The UK Gambling Commission (UKGC) has announced the suspension of Goldchip Limited’s license as the regulator is moving in to review the company’s operations and its suitability to hold a license in the first place. UKGC is citing potential breaches of the Gambling Act review and argues that Goldchip Limited may have acted against the gambling framework.
Investigating the Matter
Whether this is true will have to be established in the course of the investigation as UKGC has withheld further details in the case. The regulator mentioned that the investigated breaches have to do with AML shortages and social responsibility failings. There is a chance the regulator would find the company unsuitable to hold a license as well.
UKGC vows to conduct a thorough and unbiased review, basing it on Section 116 of the Gambling Act 2005. The suspension is not an obligatory practice, but it is allowed under current gambling laws, enabling regulators to investigate potential breaches as they see fit. In a statement, the commission explained:
“We have made it clear to the operator that during the course of the suspension, we expect it to focus on treating consumers fairly and keeping them fully informed of any developments which impact them.”UKGC
However, UKGC wants consumers to still have access to the website and withdraw their funds if they choose to. UKGC is actively trying to clean up potential shortcomings in the gambling sector as a looming gambling revenue has had the regulator and many businesses in a tight spot over lawmakers’ decision to impose a litany of new rules that could negatively impact gross gaming revenue.

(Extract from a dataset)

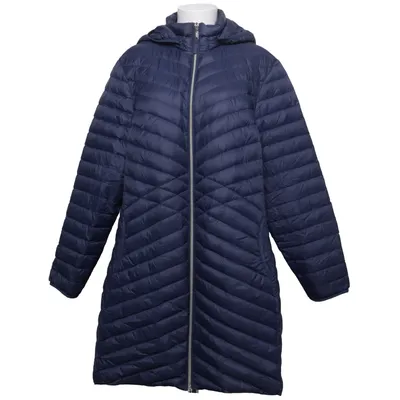 Down coat (Blue) from Mybc Down, Feather, Polyamide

Taking Crack at All Wrongdoers
All of this, though, is being done to ensure better consumer protection. Some have argued that piling on too much regulation on the industry would push consumers into black markets, which are still a serious threat to the safety and health of gamblers in the UK. UKGC’s decision comes only a day after it slapped two other companies, providers of white label casino solutions, with settlements to the tune of £675,000 ($840,000).
Jumpman and Progress Play have been found guilty of coming short of stated AML and social responsibility targets. Jumpman is responsible for as many as 243 websites and Progress Play provides software and solutions to another 201. The money from the penalties applied to these two operators will be forwarded to the National Strategy to Reduce Gambling Harms.